Charlie Kirk says no. But the Rev. Jonathan Wilson-Hartgrove says Jesus is more complicated than that.
Kirk and Wilson-Hartgrove may square off soon at a proposed debate to be hosted by the new Falkirk Center for Faith and Liberty at Liberty University.
On Thursday (Dec. 12), the Twitter account of the newly created conservative think tank posted a challenge to Wilson-Hartgrove, a progressive faith leader in North Carolina, offering to host a debate over whether Jesus was a socialist.
The tweet stipulated that the debate would be conducted between Wilson-Hartgrove and Kirk, the 26-year-old co-founder of the Falkirk Center and head of the conservative group Turning Point USA.
The tweet said both parties would also include one other participant of their choosing.
Wilson-Hartgrove, a pastor and author of "Revolution of Values: Reclaiming Public Faith for the Common Good," responded by accepting the challenge and offering up prominent progressive activist the Rev. William Barber II as his partner.
However, he also appeared to reject the premise of the debate.
"Socialism emerged in the 19th (century) as a critique of capitalism, which didn’t exist in 1st century Palestine," he tweeted. "But if (Charlie Kirk) & Falwell are up for a public conversation about what the Lord requires of us in public life, (the Rev. William Barber) & I are ready."
A representative for the Poor People's Campaign, which Barber leads, told Religion News Service the pastor and activist is willing to participate if the Falkirk Center makes good on the challenge.

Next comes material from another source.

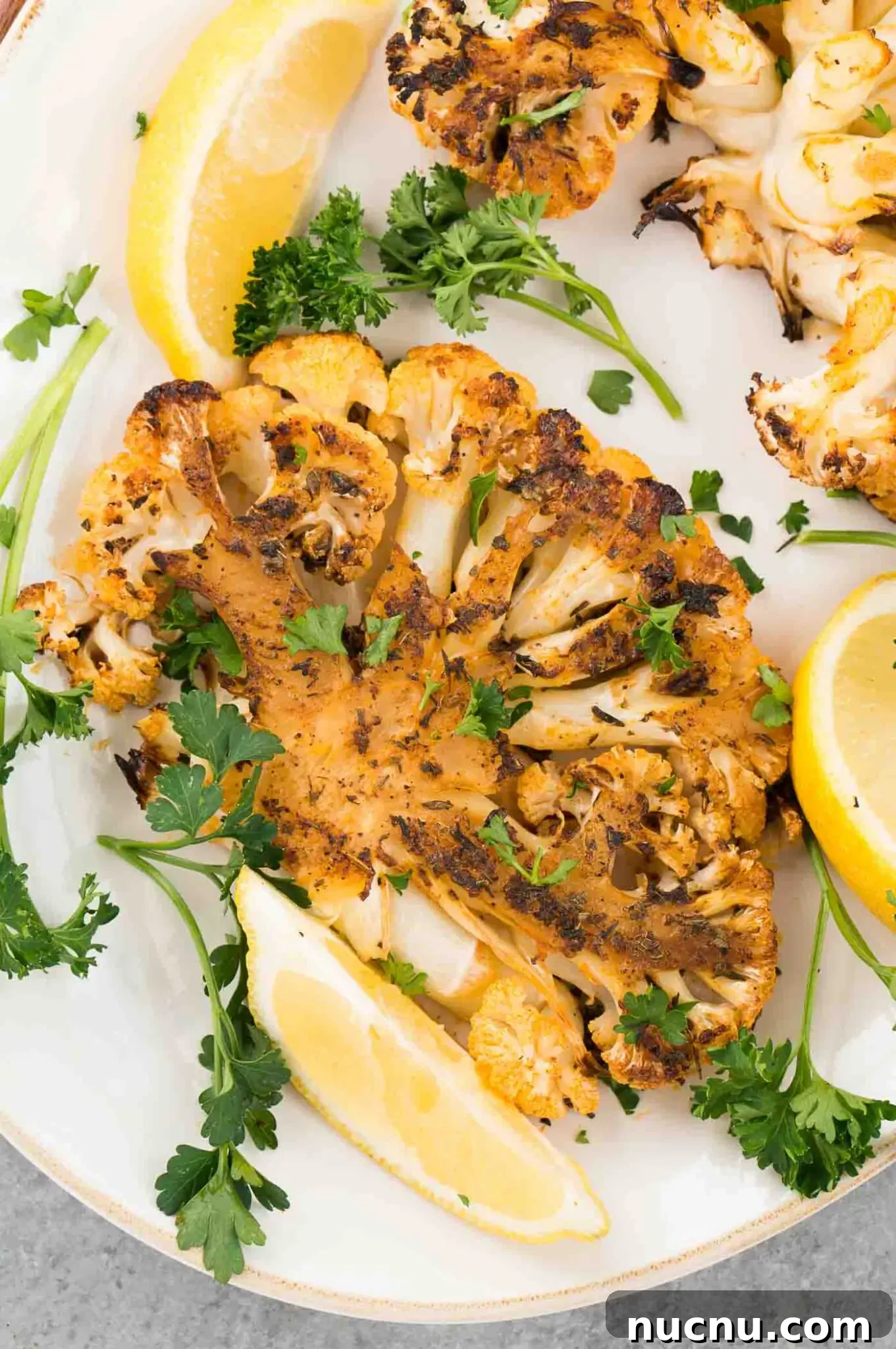 Roasted Cauliflower Steaks with Garlic and Herb Butter 8 close up image of cauliflower steak on a platter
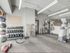 A well-equipped gym at 500 Park Avenue Apartments, complete with exercise machines and mirrors for a motivating atmosphere.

Wilson-Hartgrove later tweeted that he is planning to lobby to expand the debate to allow each side to field three participants each and potentially include the Rev. Bishop Yvette Flunder, pastor of the City of Refuge United Church of Christ in Oakland, California.
Wilson Hartgrove told Religion News Service that a Liberty University official has already reached out to him.
"I’ve told him we’re glad to talk details," Wilson Hartgrove said.
The debate challenge comes more than two years after Wilson-Hartgrove, Barber, and others published an open letter challenging Jerry Falwell, Jr. to a "peaceful debate" about Christian teaching at Liberty University. Both Wilson-Hartgrove and Barber hosted a revival near Liberty a few months later, where faith leaders voiced numerous criticisms of Falwell and his leadership of the school.
It is unclear whether Falwell, a close ally of President Donald Trump, will participate in the debate.
The creation of Liberty's Falkirk Center was announced in late November with the goal of defending "Judeo-Christian" beliefs. At the time, Kirk told the Washington Examiner that the group hoped to “play offense against the secular Left.”